The data |
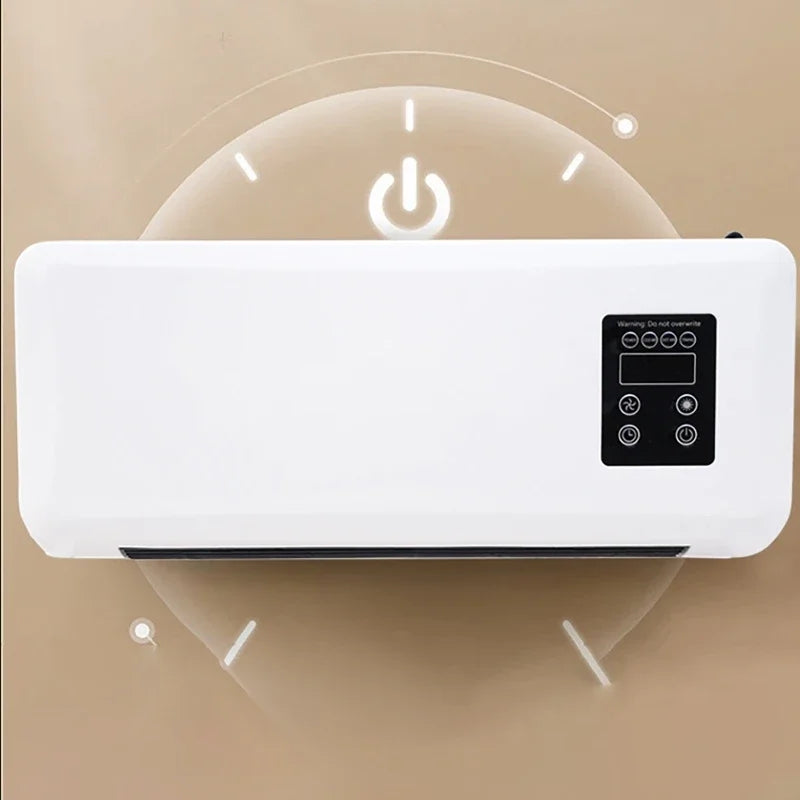 Portable Ductless Air Conditioner Wall-mounted Air Conditioner Fan and Heater RV Air Conditioner Fan Heater Combo Split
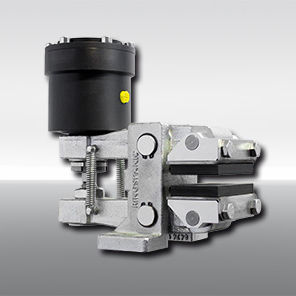 Scheibenbremse / gefederte Spannung / mit hydraulischer Lockerungssteuerung / Notfall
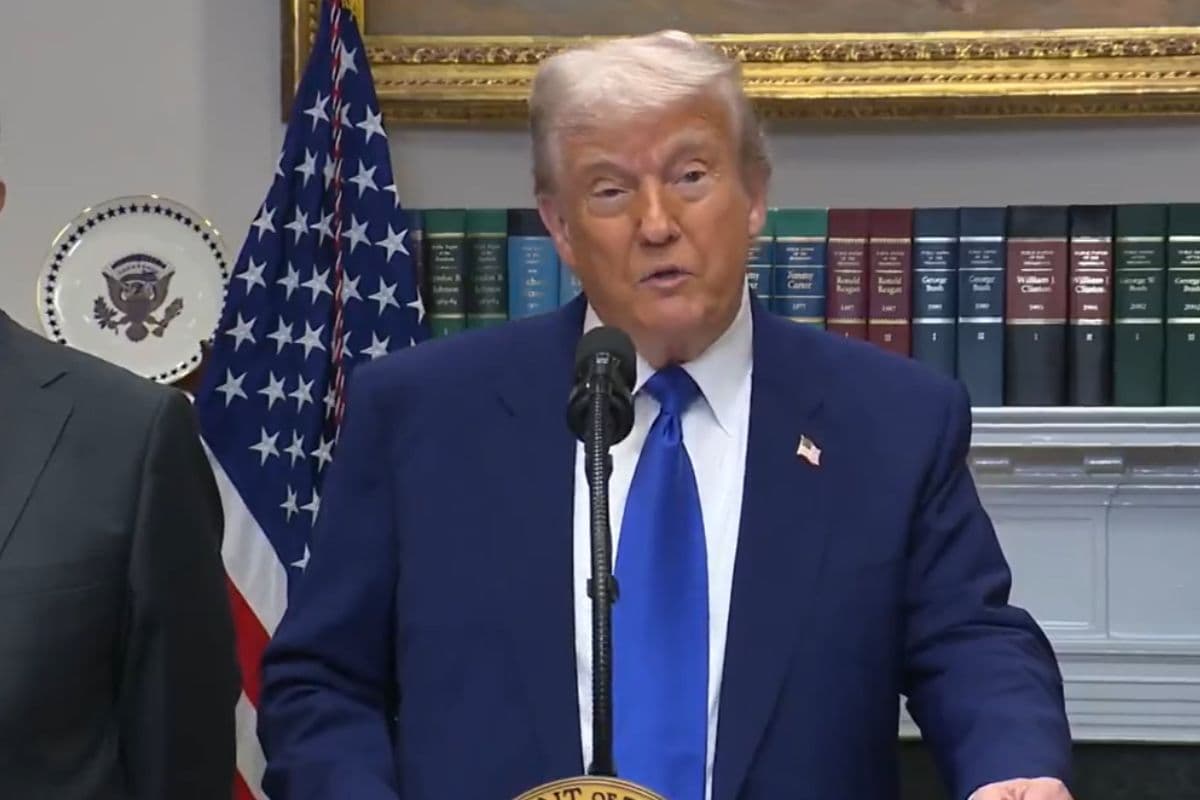 India Pakistan Ceasefire: 'हमने परमाणु संघर्ष को रोका,' सीजफायर पर बोले डोनाल्ड ट्रंप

Task details | Write out all the material verbatim, images excluded.

Written solution |
 Portable Ductless Air Conditioner Wall-mounted Air Conditioner Fan and Heater RV Air Conditioner Fan Heater Combo Split
 Scheibenbremse / gefederte Spannung / mit hydraulischer Lockerungssteuerung / Notfall
 India Pakistan Ceasefire: 'हमने परमाणु संघर्ष को रोका,' सीजफायर पर बोले डोनाल्ड ट्रंप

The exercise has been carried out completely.